Original poster: "Jim Mora" <jmora@xxxxxxxxxxx>

Hi Jay,

I have a six" diameter white PVC with 2 end caps and a though bolt for
winding. It is free if you pickup the shipping. I'm in So,ca. I'll go
measure the length...~36", a good form! If you take it, be sure to prep it
properly.

Jim Mora

-----Original Message-----
From: Tesla list [mailto:tesla@xxxxxxxxxx]
Sent: Thursday, November 30, 2006 5:37 PM
To: tesla@xxxxxxxxxx
Subject: Re: Medium size Tesla coil vs. BTC 30 kit

Original poster: Mddeming@xxxxxxx

Hi Jay,

 From all the recommendations, it looks like you have three approaches:

1) Upgrade the coil piece by piece until there is almost nothing of
the original left.
2) Forget the kit and build a new coil from scratch, using suggestions.
3) Build the kit as designed and THEN make another, incorporating
what you've learned from its strengths and weaknesses, and suggestions.

Matt D.


In a message dated 11/29/06 8:27:23 P.M. Eastern Standard Time,
tesla@xxxxxxxxxx writes:
Original poster: "resonance" <resonance@xxxxxxxxxxxx>



You are much further ahead using MMC style caps for a small/medium
size coil.  1/4 the size of a plate cap, glass overheats and cracks,
hard to transport with a liquid insulated cap, and other
headaches.  Consider the MMC route and you will be much happier.

Start washing/waxing neighbor cars for $20 a shot and you will have
you cap funds in less than 30 days!   I told another young grade
school experimenter to get a Walmart car buffer, some Turtle wax, and
do this --- he made $300 his first week doing it!  Do a good job and
you will have a nice year round small side repeat business that will
support your TC hobby.

Also --- a 23 mA xmfr will deliver miserably small sparks.
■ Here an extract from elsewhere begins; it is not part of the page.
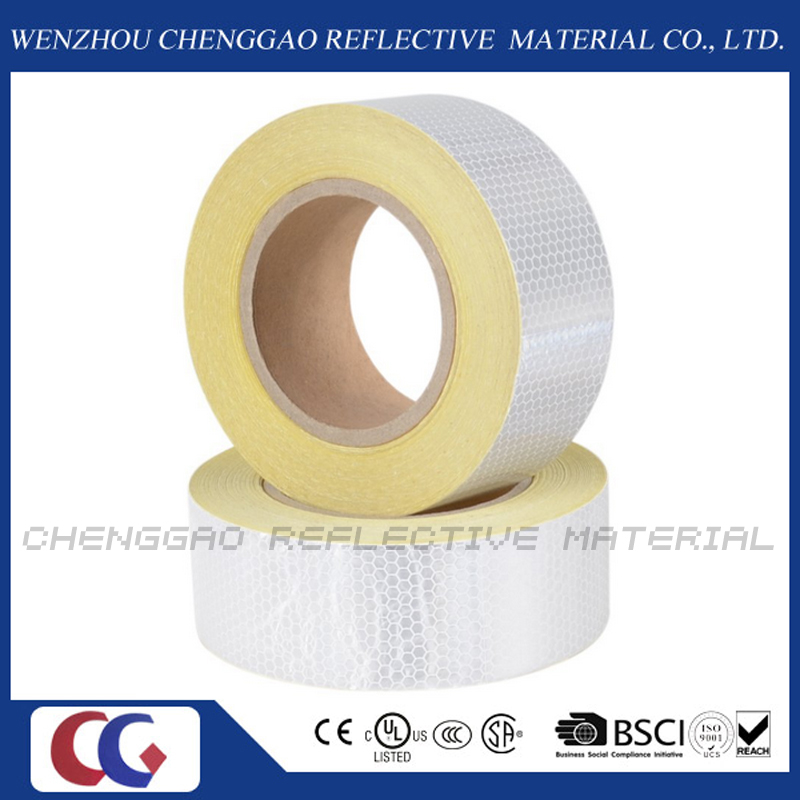 Warning Night Reflective Safety Tape Factory Price for Truck (C3500-OXW)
A 12/60 nst has the ability to deliver at least 40 inch long sparks
--- from the free plans and photographs that I sent you.

If you are quite diplomatic, and a student with good communication
skills, I would bet you could convince a local neon sign shop in a
large city to "donate" a 12/60 to a "worthy project".   You could
also get a plumbing shop to "donate" a length of 6 inch ID PVC tube
for your secondary coil and another 7 inch long piece for your
stationary copper tube spark gap.

Like Victor Kiam said in his excellent book on marketing (Going for
t")  ---  you have to "paint a vista" for the person you are trying
to convince.  Be persistant and work at it.  Tell them face to face
(definitely not over the phone) how this will help you get started in
a life long career in electronics.  You will succeed!  It worked for
me in 1961!

Dr. Resonance



 >Original poster: jhowson4@xxxxxxxxxxx
 >I had the kit for about a week but I did not do anything with it
 >because the directions confused me.  And then the teacher made me
 >bring it back to school because he does not know if the school
 >Originally paid for it or if the previous teacher bought it
 >himself.  Apparently I can't have it if the school bought it and I
 >might not even be allowed to build it without teacher supervision
 >because if I get hurt I could sue the school and they don't want
that. GRRRRRR
 >The school is slow at deciding anything but I am optimistic because
 >the school will only buy stuff from certain companies and thankfully
 >information unlimited is not one of them so there is a good chance
 >that it was bought by the teacher and not the school. But the next
 >meeting that the people are having is after Christmas.(yet another GRRRR)
 >I can try and get pictures and a list of every thing it comes with.
 >I will have to borrow a digital camera or I could just wait until
 >Christmas when I will be getting one(yay).